== Data section

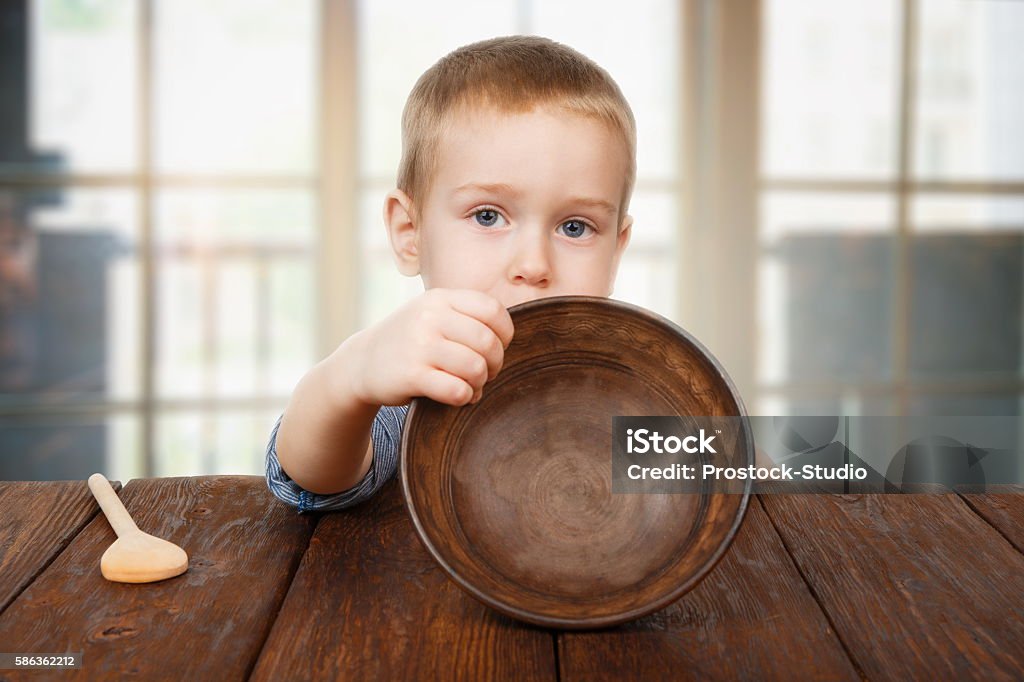 Cute blonde boy shows empty plate, hunger concept Child hunger concept. Small toddler boy shows empty bowl sitting at dark wood table with wooden spoon. Cute child has no food in plate Child Stock Photo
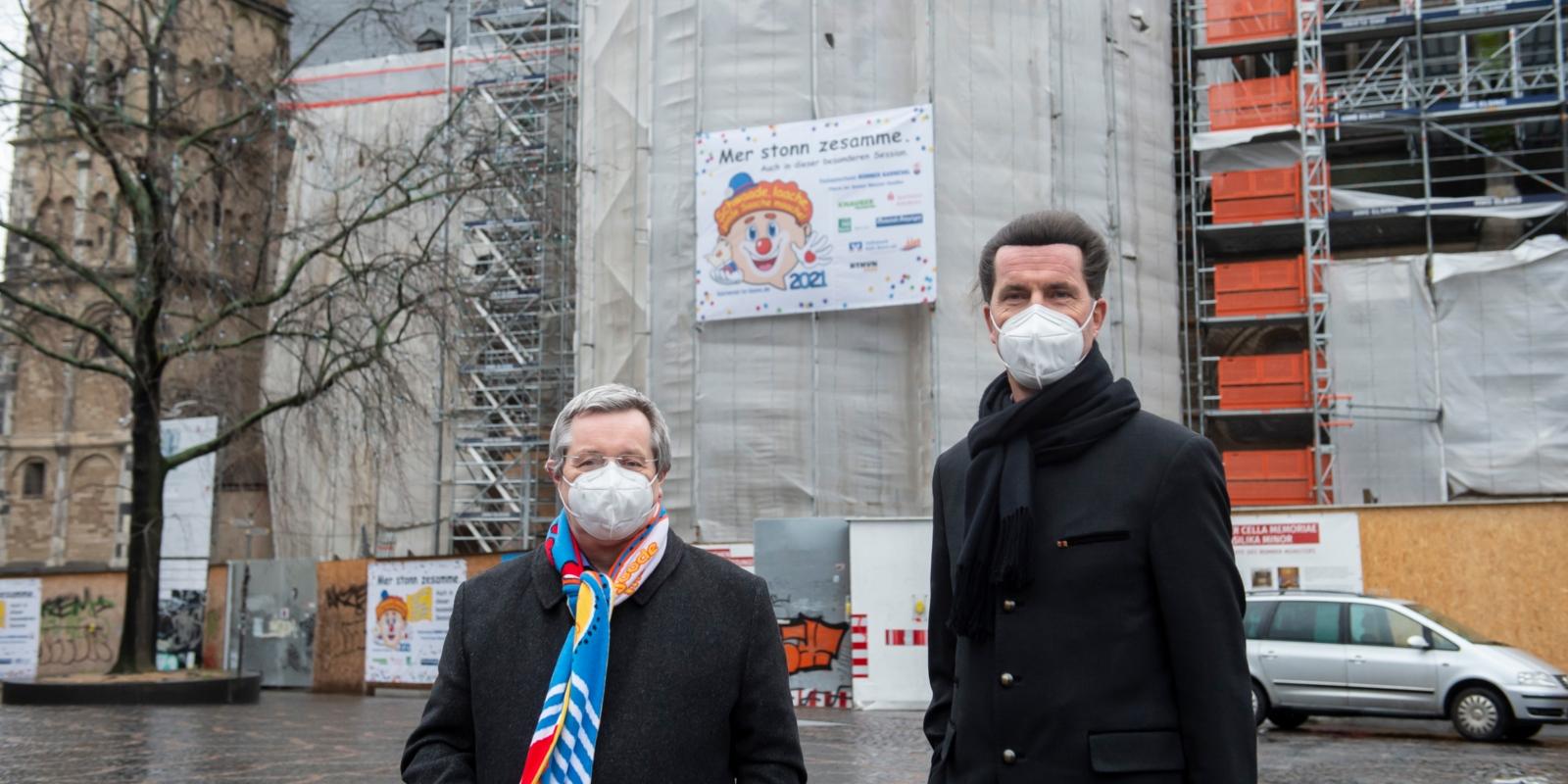 Festausschuss-Vizepräsident Stephan Eisel (links) und Stadtdechant Dr. Wolfgang Picken präsentieren das Banner am Bonner Münster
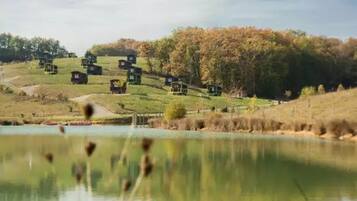 A serene lakeside setting with multiple cabins, a clear sky, and autumn foliage.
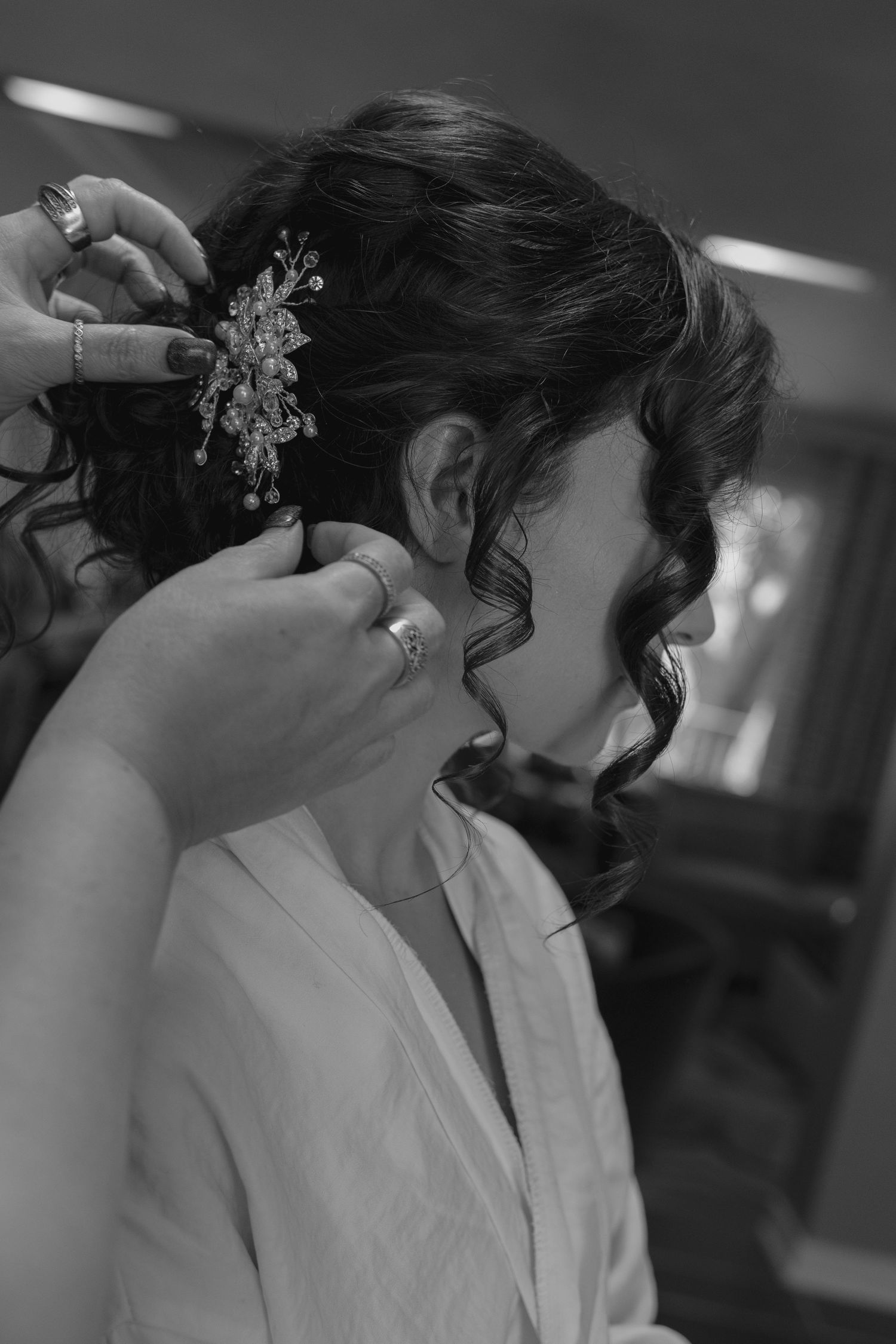 Black and white photo of bride having floral hair accessory placed in elegant updo hairstyle.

====

What is required: Aside from the pictures, repeat the listing exactly.

Answer section:
 Cute blonde boy shows empty plate, hunger concept Child hunger concept. Small toddler boy shows empty bowl sitting at dark wood table with wooden spoon. Cute child has no food in plate Child Stock Photo
 Festausschuss-Vizepräsident Stephan Eisel (links) und Stadtdechant Dr. Wolfgang Picken präsentieren das Banner am Bonner Münster
 A serene lakeside setting with multiple cabins, a clear sky, and autumn foliage.
 Black and white photo of bride having floral hair accessory placed in elegant updo hairstyle.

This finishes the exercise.